(EXERCISE OBJECTIVE)
With pictures left out, please repeat word for word the lines from the one containing "红魔新品发布，电竞跨界合作引关注" through the end of the records.

[Extracted records]
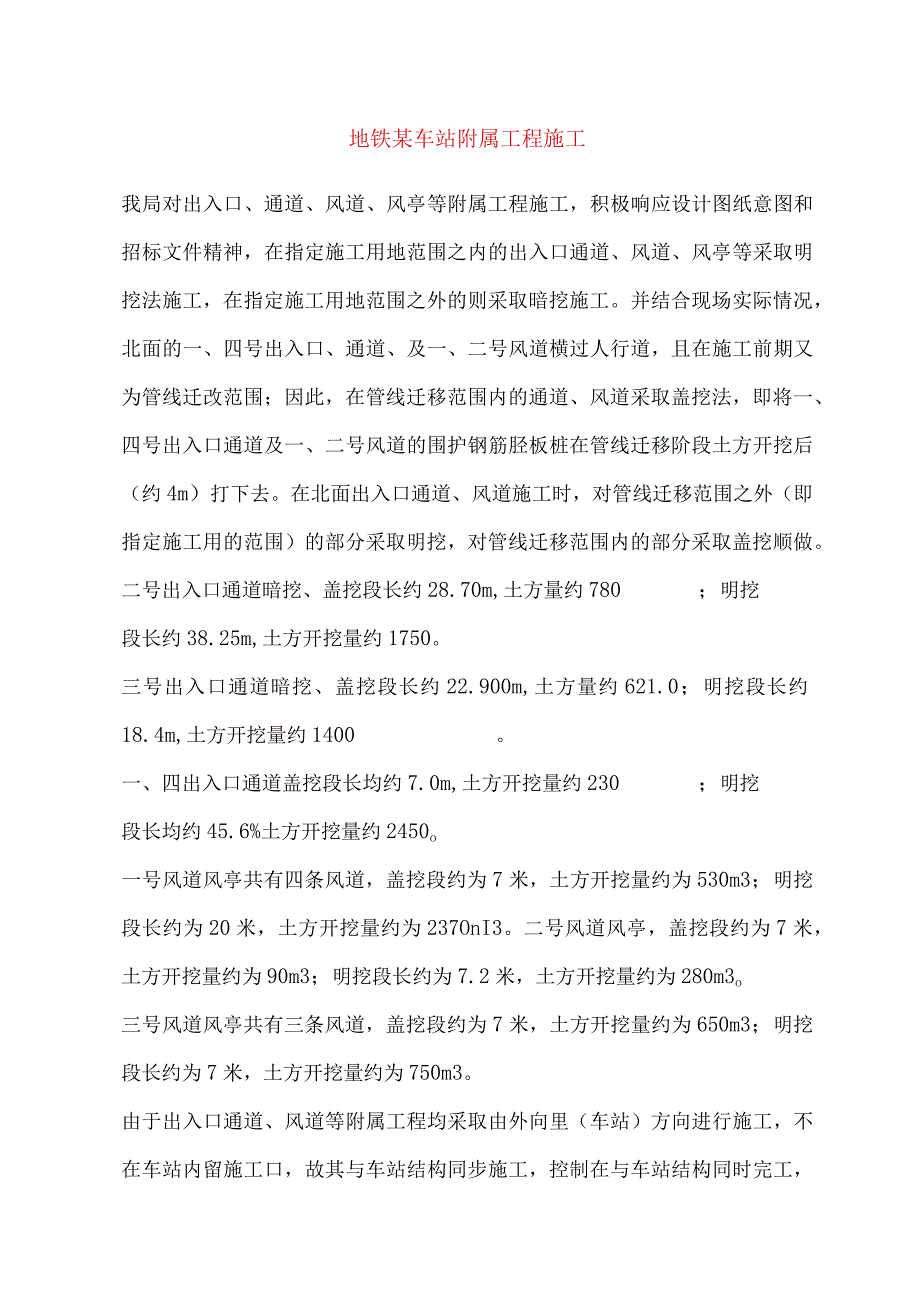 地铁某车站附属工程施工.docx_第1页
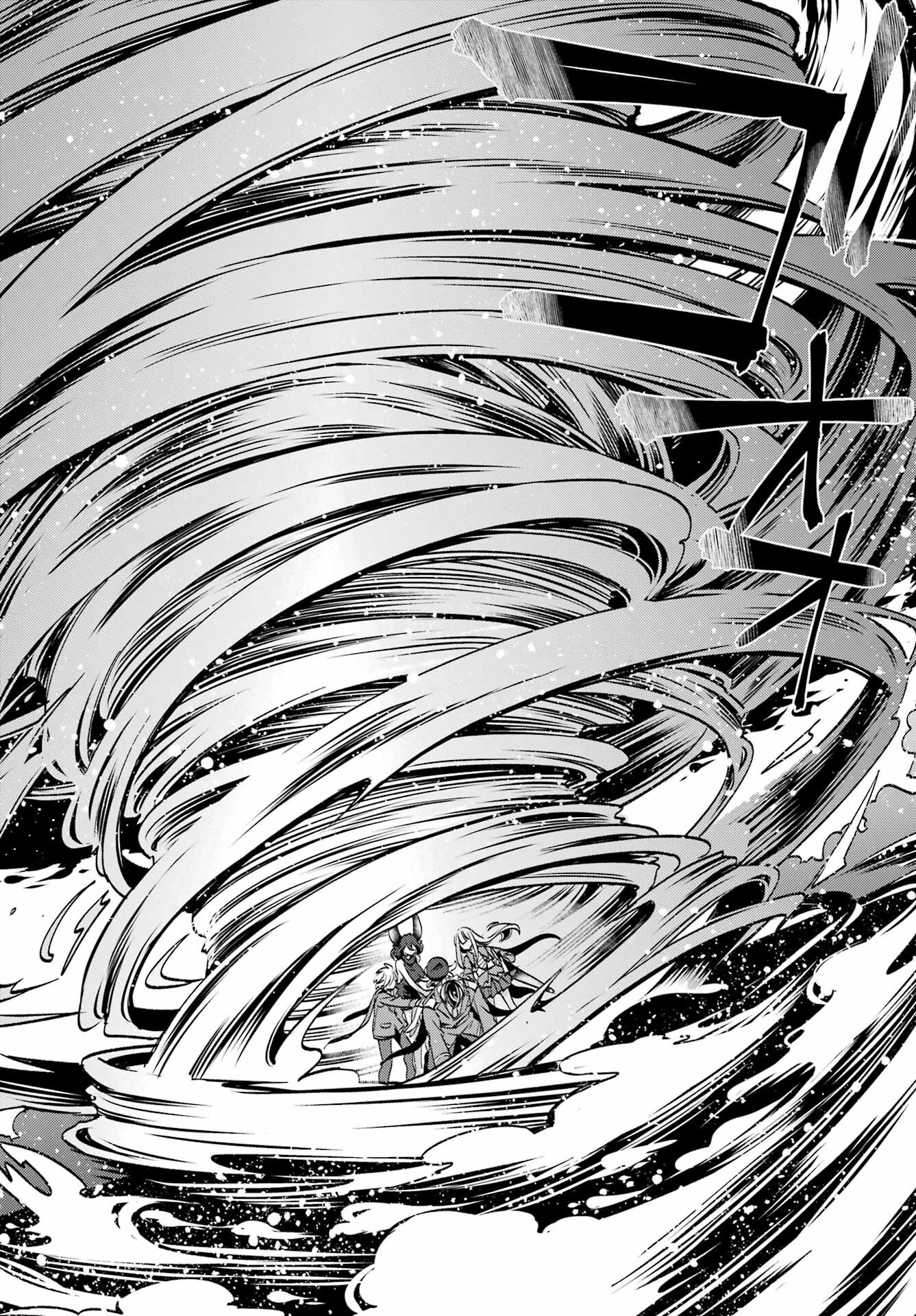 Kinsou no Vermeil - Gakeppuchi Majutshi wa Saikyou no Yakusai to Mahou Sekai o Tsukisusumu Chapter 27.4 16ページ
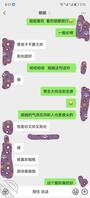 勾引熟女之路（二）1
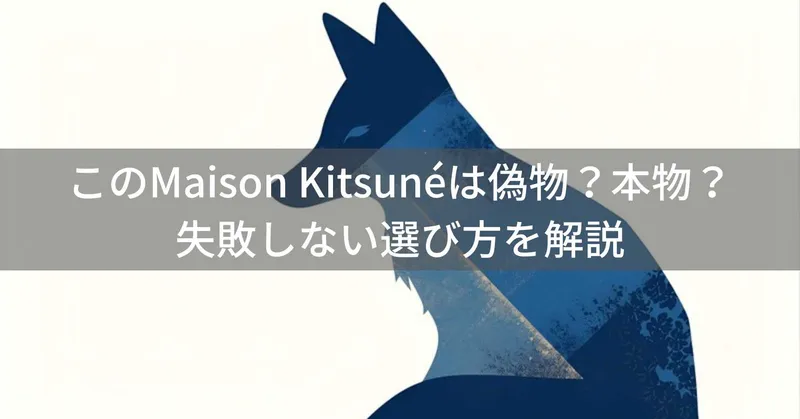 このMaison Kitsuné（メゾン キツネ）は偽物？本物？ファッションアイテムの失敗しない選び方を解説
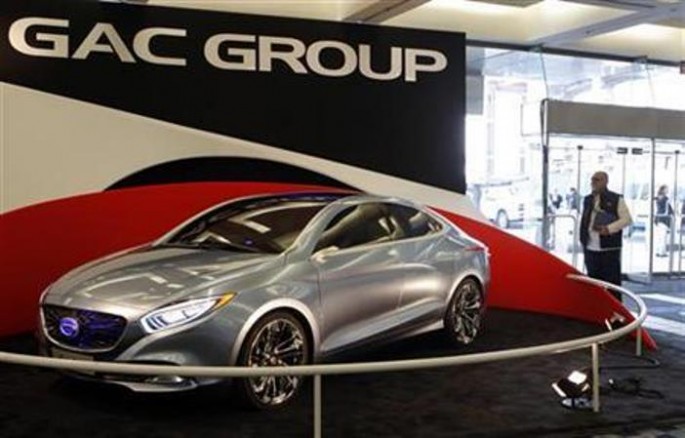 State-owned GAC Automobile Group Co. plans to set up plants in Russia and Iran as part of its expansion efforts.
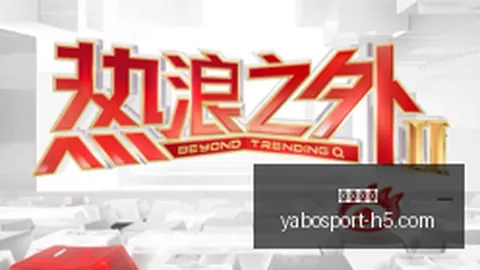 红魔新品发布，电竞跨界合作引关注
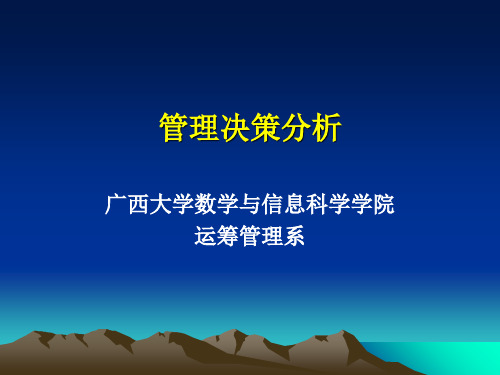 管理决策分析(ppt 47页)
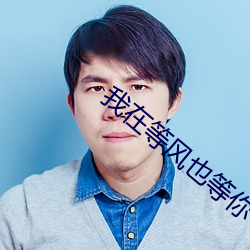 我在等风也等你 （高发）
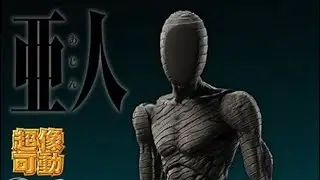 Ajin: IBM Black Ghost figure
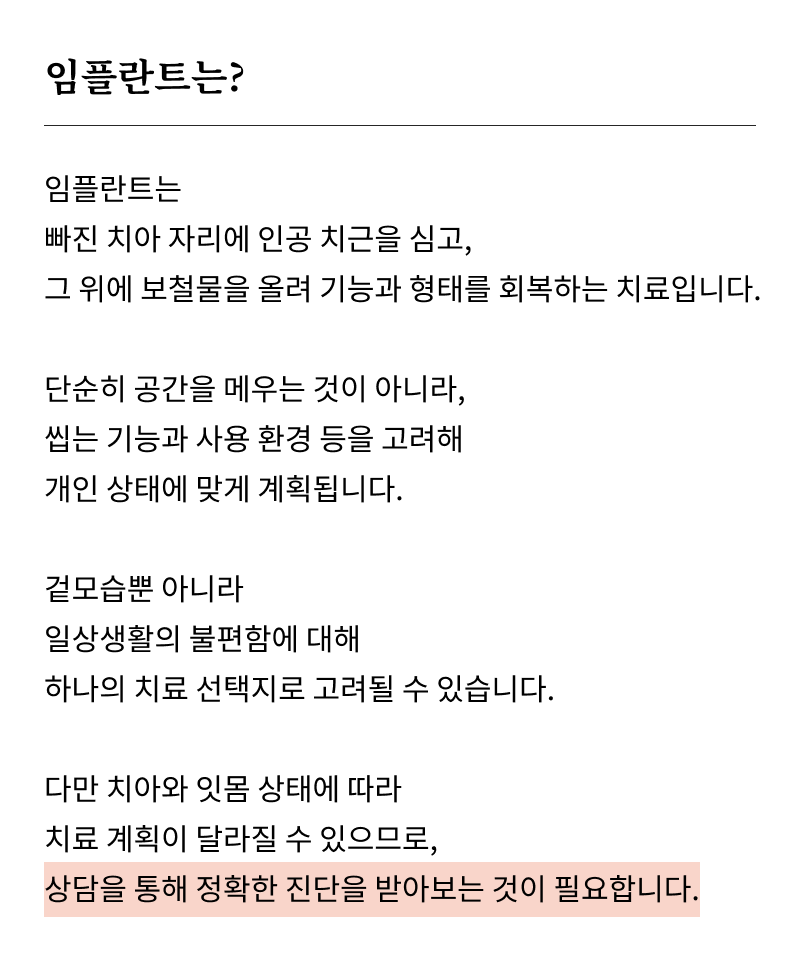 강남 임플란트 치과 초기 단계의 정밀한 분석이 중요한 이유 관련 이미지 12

(FINISHED TASK)
 红魔新品发布，电竞跨界合作引关注
 管理决策分析(ppt 47页)
 我在等风也等你 （高发）
 Ajin: IBM Black Ghost figure
 강남 임플란트 치과 초기 단계의 정밀한 분석이 중요한 이유 관련 이미지 12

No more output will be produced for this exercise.